Key words: intermetallics; Ni75Al25-xFex alloy; atomic site occupation; precipitation; microscopic phase-field
1 Introduction
Atomic site occupation behavior in ordered intermetallic compounds is of great practical interest in connection with their high-temperature applications and mechanical properties [1,2]. In particular, Ni3Al intermetallic compound with L12-type structure was extensively focused. Various studies have shown that the addition of certain alloying elements can effectively improve its mechanical properties and the effect of the improvement depends on the site occupation of ternary alloying element in Ni3Al [3-5]. Thus, the investigation of the atomic site occupation behavior in Ni3Al intermetallic compound is extremely useful in controlling and optimizing alloy properties.
Ni3Al has L12 type face-centered cubic (FCC) structure, in which Ni and Al atoms occupy face-centers (A sites) and corners sites (B sites) of the FCC unit cell, respectively. However, the site occupation behavior of the different alloying elements in Ni3Al exhibits great diversities [4-8]. Fe is one of the most important alloying elements for Ni3Al. It can not only improve the ductility and yield strength of alloy, but also drastically affect the electrical and magnetic properties [1,4,6]. Several ways have recently been used to study the site preference of Fe in Ni3Al, such as atom probe field-ion microscopy, X-ray diffraction measurement, Mossbauer spectroscopy, the statistical thermodynamic calculation and the first-principles calculations [1,3-9]; however, there are still some controversies about site preference of Fe and the factors affecting site occupation in Ni3Al-Fe alloy. For example, IVANOVSKIA et al [4] believed that Fe atoms have preference for Ni sites in nickel deficient Ni3Al alloys.

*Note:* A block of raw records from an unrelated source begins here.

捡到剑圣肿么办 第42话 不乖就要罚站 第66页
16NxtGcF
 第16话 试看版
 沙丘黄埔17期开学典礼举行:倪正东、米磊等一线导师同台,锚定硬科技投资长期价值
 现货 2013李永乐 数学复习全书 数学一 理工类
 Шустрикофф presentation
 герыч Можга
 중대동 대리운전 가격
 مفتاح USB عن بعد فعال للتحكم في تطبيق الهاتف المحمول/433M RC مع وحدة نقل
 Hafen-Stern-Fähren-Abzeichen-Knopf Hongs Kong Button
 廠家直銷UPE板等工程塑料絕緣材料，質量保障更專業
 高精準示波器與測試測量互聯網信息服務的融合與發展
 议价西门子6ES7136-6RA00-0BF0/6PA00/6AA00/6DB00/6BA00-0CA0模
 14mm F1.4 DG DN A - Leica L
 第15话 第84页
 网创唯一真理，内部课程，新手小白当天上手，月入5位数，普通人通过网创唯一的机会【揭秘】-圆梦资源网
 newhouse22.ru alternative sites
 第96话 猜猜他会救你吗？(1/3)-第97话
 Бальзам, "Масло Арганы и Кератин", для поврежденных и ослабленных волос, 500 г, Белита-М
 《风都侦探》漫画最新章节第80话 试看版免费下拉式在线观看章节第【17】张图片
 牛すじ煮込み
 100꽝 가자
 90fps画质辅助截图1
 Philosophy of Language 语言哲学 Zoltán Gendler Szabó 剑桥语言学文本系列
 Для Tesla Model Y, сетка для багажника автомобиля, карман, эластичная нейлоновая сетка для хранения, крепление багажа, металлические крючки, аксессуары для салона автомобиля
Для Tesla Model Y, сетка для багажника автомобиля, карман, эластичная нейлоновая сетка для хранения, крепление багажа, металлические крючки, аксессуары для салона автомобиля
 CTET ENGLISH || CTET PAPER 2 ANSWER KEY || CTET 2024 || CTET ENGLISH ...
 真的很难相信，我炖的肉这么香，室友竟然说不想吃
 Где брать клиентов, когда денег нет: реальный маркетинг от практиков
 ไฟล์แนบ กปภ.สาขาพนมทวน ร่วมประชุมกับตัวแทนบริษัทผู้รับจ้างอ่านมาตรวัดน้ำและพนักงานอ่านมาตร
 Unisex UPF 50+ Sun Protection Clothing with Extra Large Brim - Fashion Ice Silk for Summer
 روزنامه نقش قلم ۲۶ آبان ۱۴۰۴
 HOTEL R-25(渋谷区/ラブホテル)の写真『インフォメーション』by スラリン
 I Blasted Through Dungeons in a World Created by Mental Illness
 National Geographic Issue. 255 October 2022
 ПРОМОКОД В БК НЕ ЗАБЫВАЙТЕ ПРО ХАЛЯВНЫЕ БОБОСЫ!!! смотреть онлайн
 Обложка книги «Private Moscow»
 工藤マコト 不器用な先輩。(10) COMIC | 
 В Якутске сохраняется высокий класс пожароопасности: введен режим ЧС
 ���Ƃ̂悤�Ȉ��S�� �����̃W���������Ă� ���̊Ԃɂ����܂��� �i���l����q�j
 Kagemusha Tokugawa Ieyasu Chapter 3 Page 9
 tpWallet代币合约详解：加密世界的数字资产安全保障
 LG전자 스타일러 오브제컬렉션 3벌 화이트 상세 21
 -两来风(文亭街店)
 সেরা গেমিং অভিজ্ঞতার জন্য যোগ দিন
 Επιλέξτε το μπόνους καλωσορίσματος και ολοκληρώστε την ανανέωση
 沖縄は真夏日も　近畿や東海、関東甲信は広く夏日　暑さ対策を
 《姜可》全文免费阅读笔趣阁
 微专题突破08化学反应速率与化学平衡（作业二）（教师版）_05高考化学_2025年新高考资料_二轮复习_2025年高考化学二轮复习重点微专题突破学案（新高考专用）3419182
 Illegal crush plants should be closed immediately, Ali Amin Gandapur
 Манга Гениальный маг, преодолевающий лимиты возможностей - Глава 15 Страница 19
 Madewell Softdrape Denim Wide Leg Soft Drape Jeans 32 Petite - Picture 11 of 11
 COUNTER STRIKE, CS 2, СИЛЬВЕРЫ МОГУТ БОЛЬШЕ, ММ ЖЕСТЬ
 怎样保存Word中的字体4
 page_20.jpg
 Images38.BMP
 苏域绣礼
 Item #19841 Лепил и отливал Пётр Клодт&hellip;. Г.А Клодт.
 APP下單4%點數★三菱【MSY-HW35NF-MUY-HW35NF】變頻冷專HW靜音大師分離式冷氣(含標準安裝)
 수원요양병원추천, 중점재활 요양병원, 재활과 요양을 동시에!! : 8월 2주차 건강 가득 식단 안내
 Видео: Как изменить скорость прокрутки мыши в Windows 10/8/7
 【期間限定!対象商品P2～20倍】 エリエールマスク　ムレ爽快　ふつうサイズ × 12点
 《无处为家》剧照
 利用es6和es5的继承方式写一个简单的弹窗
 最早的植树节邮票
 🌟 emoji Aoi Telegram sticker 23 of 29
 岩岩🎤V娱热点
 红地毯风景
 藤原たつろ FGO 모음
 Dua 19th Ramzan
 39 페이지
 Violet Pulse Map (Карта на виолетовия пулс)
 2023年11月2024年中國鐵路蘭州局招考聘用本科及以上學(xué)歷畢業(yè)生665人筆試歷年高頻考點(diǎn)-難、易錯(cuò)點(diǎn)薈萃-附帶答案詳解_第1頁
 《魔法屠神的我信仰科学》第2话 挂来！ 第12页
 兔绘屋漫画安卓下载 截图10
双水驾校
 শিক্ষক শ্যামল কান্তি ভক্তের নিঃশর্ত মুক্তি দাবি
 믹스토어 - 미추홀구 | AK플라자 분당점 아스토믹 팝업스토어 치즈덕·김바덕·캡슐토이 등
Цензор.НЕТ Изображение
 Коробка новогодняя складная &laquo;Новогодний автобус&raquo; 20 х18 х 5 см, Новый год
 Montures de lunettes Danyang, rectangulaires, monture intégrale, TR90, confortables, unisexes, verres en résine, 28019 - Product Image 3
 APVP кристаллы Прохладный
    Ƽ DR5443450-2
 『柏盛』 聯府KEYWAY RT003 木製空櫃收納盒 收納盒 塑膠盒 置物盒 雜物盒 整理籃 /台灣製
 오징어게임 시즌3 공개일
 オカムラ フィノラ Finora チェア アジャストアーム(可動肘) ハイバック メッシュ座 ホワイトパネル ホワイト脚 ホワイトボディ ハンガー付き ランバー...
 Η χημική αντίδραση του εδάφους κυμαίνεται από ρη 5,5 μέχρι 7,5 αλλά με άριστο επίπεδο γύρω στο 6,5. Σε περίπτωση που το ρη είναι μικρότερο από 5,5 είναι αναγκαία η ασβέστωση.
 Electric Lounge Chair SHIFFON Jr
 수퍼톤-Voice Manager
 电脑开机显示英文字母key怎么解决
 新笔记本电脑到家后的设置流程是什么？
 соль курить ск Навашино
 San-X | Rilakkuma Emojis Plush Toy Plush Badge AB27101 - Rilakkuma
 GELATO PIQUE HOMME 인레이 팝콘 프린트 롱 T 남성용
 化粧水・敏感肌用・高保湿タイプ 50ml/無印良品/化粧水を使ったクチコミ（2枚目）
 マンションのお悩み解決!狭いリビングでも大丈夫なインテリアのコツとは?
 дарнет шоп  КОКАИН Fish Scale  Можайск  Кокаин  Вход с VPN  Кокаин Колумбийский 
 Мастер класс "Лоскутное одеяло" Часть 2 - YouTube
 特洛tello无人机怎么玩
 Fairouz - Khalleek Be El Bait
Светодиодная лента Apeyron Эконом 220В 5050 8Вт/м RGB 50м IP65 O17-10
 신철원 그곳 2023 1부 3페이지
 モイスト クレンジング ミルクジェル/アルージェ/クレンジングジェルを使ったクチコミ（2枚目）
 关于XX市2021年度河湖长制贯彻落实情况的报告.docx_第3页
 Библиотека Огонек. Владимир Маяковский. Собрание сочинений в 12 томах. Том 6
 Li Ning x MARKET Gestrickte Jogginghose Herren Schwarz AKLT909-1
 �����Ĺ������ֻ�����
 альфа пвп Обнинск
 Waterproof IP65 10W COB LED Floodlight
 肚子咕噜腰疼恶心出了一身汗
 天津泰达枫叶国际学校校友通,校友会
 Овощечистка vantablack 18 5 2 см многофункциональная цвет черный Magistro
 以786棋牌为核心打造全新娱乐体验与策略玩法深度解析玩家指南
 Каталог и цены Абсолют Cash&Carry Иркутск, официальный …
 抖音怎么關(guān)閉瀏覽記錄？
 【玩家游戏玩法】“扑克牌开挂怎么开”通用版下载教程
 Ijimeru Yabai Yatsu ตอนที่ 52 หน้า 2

NICHOLLS and RAWIINGS [10] have indicated a weak composition-dependent preference for the Al sublattices. SHINDO et al [11] revealed no discernible site preference in Ni3Al-Fe system. WU et al [12] showed that site distribution of Fe is a function of the concentration, as well as the matrix composition and temperature. ALMAZOUZI et al [8] indicated that Fe occupies mostly Al sites, regardless of Fe concentration and the matrix composition. By using the Wagner-Schottky model in combination with first-principles calculations, JIANG and GLEESON [13] found that the site preference of Fe strongly depends on the temperature.
The previous investigations were mainly focused on the site preference of Fe. Very limited experimental data about the effects of Fe on atomic site occupation in L12-Ni3(Al1-xFex) can be found in the literature and the temporal evolution of atomic site occupation probability (SOP) and anti-site behavior are also not well revealed.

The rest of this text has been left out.